Saved entries:
§ §

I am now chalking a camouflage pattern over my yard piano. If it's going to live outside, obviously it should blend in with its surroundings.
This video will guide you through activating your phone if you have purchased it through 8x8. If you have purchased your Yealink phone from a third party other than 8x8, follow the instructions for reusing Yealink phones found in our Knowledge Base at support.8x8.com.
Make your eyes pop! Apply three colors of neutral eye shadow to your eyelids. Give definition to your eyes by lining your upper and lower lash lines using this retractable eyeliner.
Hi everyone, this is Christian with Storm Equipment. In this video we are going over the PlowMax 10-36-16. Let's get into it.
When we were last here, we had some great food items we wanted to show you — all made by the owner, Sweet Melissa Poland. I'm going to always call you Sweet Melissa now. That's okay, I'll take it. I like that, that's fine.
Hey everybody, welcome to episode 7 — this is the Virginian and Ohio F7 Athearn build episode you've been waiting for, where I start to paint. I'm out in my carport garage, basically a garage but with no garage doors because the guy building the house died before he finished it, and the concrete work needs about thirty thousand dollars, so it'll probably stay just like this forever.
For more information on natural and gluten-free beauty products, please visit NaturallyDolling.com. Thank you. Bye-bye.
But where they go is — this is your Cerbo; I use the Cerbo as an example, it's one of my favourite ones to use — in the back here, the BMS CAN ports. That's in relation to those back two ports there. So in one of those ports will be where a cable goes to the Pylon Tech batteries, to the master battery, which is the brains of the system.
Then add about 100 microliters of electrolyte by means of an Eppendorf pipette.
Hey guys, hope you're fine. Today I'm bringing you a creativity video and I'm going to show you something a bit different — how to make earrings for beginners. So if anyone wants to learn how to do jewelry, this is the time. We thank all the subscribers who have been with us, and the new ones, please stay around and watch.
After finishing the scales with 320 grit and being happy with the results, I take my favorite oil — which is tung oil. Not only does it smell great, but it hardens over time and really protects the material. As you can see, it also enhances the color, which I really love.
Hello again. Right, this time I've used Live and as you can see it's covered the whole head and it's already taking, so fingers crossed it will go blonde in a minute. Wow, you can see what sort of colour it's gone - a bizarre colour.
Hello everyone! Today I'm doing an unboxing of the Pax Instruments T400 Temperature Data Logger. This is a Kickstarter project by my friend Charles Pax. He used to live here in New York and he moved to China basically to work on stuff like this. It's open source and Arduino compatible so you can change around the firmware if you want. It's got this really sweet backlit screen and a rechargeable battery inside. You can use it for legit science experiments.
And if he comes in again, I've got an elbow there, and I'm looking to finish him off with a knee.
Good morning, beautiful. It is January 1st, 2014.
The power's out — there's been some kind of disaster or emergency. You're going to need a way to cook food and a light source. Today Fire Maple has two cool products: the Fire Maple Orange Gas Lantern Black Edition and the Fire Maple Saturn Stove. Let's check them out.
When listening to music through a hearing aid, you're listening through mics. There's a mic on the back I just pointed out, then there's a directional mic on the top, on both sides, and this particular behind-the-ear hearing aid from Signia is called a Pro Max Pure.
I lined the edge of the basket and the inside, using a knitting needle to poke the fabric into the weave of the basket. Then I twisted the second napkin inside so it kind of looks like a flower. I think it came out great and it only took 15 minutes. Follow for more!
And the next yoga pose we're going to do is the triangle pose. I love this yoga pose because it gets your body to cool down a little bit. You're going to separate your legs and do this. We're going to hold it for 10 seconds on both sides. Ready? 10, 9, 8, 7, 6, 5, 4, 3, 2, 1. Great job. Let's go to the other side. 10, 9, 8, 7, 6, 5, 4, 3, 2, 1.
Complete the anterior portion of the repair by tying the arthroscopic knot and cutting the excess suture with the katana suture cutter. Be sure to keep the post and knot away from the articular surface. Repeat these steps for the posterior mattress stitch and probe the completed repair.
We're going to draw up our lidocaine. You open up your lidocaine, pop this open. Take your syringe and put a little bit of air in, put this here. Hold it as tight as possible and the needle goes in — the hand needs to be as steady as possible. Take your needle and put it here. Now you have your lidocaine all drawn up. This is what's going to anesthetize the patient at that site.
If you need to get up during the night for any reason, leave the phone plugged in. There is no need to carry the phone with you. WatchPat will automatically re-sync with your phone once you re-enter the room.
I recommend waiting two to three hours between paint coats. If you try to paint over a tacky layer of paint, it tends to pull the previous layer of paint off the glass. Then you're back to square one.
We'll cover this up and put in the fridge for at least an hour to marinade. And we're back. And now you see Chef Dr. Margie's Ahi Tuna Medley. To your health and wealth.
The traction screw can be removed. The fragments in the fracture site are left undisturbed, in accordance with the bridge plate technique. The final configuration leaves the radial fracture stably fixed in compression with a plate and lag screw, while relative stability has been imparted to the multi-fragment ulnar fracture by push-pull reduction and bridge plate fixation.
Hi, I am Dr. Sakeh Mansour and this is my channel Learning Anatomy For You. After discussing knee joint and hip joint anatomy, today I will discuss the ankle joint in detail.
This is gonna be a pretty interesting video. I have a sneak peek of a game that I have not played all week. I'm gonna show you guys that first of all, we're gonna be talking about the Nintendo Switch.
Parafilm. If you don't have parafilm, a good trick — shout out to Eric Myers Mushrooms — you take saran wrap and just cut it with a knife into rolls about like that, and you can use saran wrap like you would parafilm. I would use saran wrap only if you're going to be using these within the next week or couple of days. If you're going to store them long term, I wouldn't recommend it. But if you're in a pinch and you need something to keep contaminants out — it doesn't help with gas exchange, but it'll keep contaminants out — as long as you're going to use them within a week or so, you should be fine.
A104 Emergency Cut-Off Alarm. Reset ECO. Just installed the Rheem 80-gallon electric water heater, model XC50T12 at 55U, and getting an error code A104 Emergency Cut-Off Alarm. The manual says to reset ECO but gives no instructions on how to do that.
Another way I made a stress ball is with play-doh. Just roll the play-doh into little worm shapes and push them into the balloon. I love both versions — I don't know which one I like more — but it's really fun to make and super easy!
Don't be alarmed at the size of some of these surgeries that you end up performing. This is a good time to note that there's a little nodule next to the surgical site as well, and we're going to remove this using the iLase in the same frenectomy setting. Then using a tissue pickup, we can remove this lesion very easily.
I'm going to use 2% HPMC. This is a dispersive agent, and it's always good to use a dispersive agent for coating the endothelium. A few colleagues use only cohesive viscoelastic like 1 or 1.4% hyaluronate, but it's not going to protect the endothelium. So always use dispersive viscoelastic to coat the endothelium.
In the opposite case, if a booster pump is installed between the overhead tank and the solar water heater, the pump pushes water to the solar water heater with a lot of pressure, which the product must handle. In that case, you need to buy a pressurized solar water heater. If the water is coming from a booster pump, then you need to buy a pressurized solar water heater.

§ §

EXERCISE:
Write the entries out again exactly.

FINISHED EXERCISE:
I am now chalking a camouflage pattern over my yard piano. If it's going to live outside, obviously it should blend in with its surroundings.
This video will guide you through activating your phone if you have purchased it through 8x8. If you have purchased your Yealink phone from a third party other than 8x8, follow the instructions for reusing Yealink phones found in our Knowledge Base at support.8x8.com.
Make your eyes pop! Apply three colors of neutral eye shadow to your eyelids. Give definition to your eyes by lining your upper and lower lash lines using this retractable eyeliner.
Hi everyone, this is Christian with Storm Equipment. In this video we are going over the PlowMax 10-36-16. Let's get into it.
When we were last here, we had some great food items we wanted to show you — all made by the owner, Sweet Melissa Poland. I'm going to always call you Sweet Melissa now. That's okay, I'll take it. I like that, that's fine.
Hey everybody, welcome to episode 7 — this is the Virginian and Ohio F7 Athearn build episode you've been waiting for, where I start to paint. I'm out in my carport garage, basically a garage but with no garage doors because the guy building the house died before he finished it, and the concrete work needs about thirty thousand dollars, so it'll probably stay just like this forever.
For more information on natural and gluten-free beauty products, please visit NaturallyDolling.com. Thank you. Bye-bye.
But where they go is — this is your Cerbo; I use the Cerbo as an example, it's one of my favourite ones to use — in the back here, the BMS CAN ports. That's in relation to those back two ports there. So in one of those ports will be where a cable goes to the Pylon Tech batteries, to the master battery, which is the brains of the system.
Then add about 100 microliters of electrolyte by means of an Eppendorf pipette.
Hey guys, hope you're fine. Today I'm bringing you a creativity video and I'm going to show you something a bit different — how to make earrings for beginners. So if anyone wants to learn how to do jewelry, this is the time. We thank all the subscribers who have been with us, and the new ones, please stay around and watch.
After finishing the scales with 320 grit and being happy with the results, I take my favorite oil — which is tung oil. Not only does it smell great, but it hardens over time and really protects the material. As you can see, it also enhances the color, which I really love.
Hello again. Right, this time I've used Live and as you can see it's covered the whole head and it's already taking, so fingers crossed it will go blonde in a minute. Wow, you can see what sort of colour it's gone - a bizarre colour.
Hello everyone! Today I'm doing an unboxing of the Pax Instruments T400 Temperature Data Logger. This is a Kickstarter project by my friend Charles Pax. He used to live here in New York and he moved to China basically to work on stuff like this. It's open source and Arduino compatible so you can change around the firmware if you want. It's got this really sweet backlit screen and a rechargeable battery inside. You can use it for legit science experiments.
And if he comes in again, I've got an elbow there, and I'm looking to finish him off with a knee.
Good morning, beautiful. It is January 1st, 2014.
The power's out — there's been some kind of disaster or emergency. You're going to need a way to cook food and a light source. Today Fire Maple has two cool products: the Fire Maple Orange Gas Lantern Black Edition and the Fire Maple Saturn Stove. Let's check them out.
When listening to music through a hearing aid, you're listening through mics. There's a mic on the back I just pointed out, then there's a directional mic on the top, on both sides, and this particular behind-the-ear hearing aid from Signia is called a Pro Max Pure.
I lined the edge of the basket and the inside, using a knitting needle to poke the fabric into the weave of the basket. Then I twisted the second napkin inside so it kind of looks like a flower. I think it came out great and it only took 15 minutes. Follow for more!
And the next yoga pose we're going to do is the triangle pose. I love this yoga pose because it gets your body to cool down a little bit. You're going to separate your legs and do this. We're going to hold it for 10 seconds on both sides. Ready? 10, 9, 8, 7, 6, 5, 4, 3, 2, 1. Great job. Let's go to the other side. 10, 9, 8, 7, 6, 5, 4, 3, 2, 1.
Complete the anterior portion of the repair by tying the arthroscopic knot and cutting the excess suture with the katana suture cutter. Be sure to keep the post and knot away from the articular surface. Repeat these steps for the posterior mattress stitch and probe the completed repair.
We're going to draw up our lidocaine. You open up your lidocaine, pop this open. Take your syringe and put a little bit of air in, put this here. Hold it as tight as possible and the needle goes in — the hand needs to be as steady as possible. Take your needle and put it here. Now you have your lidocaine all drawn up. This is what's going to anesthetize the patient at that site.
If you need to get up during the night for any reason, leave the phone plugged in. There is no need to carry the phone with you. WatchPat will automatically re-sync with your phone once you re-enter the room.
I recommend waiting two to three hours between paint coats. If you try to paint over a tacky layer of paint, it tends to pull the previous layer of paint off the glass. Then you're back to square one.
We'll cover this up and put in the fridge for at least an hour to marinade. And we're back. And now you see Chef Dr. Margie's Ahi Tuna Medley. To your health and wealth.
The traction screw can be removed. The fragments in the fracture site are left undisturbed, in accordance with the bridge plate technique. The final configuration leaves the radial fracture stably fixed in compression with a plate and lag screw, while relative stability has been imparted to the multi-fragment ulnar fracture by push-pull reduction and bridge plate fixation.
Hi, I am Dr. Sakeh Mansour and this is my channel Learning Anatomy For You. After discussing knee joint and hip joint anatomy, today I will discuss the ankle joint in detail.
This is gonna be a pretty interesting video. I have a sneak peek of a game that I have not played all week. I'm gonna show you guys that first of all, we're gonna be talking about the Nintendo Switch.
Parafilm. If you don't have parafilm, a good trick — shout out to Eric Myers Mushrooms — you take saran wrap and just cut it with a knife into rolls about like that, and you can use saran wrap like you would parafilm. I would use saran wrap only if you're going to be using these within the next week or couple of days. If you're going to store them long term, I wouldn't recommend it. But if you're in a pinch and you need something to keep contaminants out — it doesn't help with gas exchange, but it'll keep contaminants out — as long as you're going to use them within a week or so, you should be fine.
A104 Emergency Cut-Off Alarm. Reset ECO. Just installed the Rheem 80-gallon electric water heater, model XC50T12 at 55U, and getting an error code A104 Emergency Cut-Off Alarm. The manual says to reset ECO but gives no instructions on how to do that.
Another way I made a stress ball is with play-doh. Just roll the play-doh into little worm shapes and push them into the balloon. I love both versions — I don't know which one I like more — but it's really fun to make and super easy!
Don't be alarmed at the size of some of these surgeries that you end up performing. This is a good time to note that there's a little nodule next to the surgical site as well, and we're going to remove this using the iLase in the same frenectomy setting. Then using a tissue pickup, we can remove this lesion very easily.
I'm going to use 2% HPMC. This is a dispersive agent, and it's always good to use a dispersive agent for coating the endothelium. A few colleagues use only cohesive viscoelastic like 1 or 1.4% hyaluronate, but it's not going to protect the endothelium. So always use dispersive viscoelastic to coat the endothelium.
In the opposite case, if a booster pump is installed between the overhead tank and the solar water heater, the pump pushes water to the solar water heater with a lot of pressure, which the product must handle. In that case, you need to buy a pressurized solar water heater. If the water is coming from a booster pump, then you need to buy a pressurized solar water heater.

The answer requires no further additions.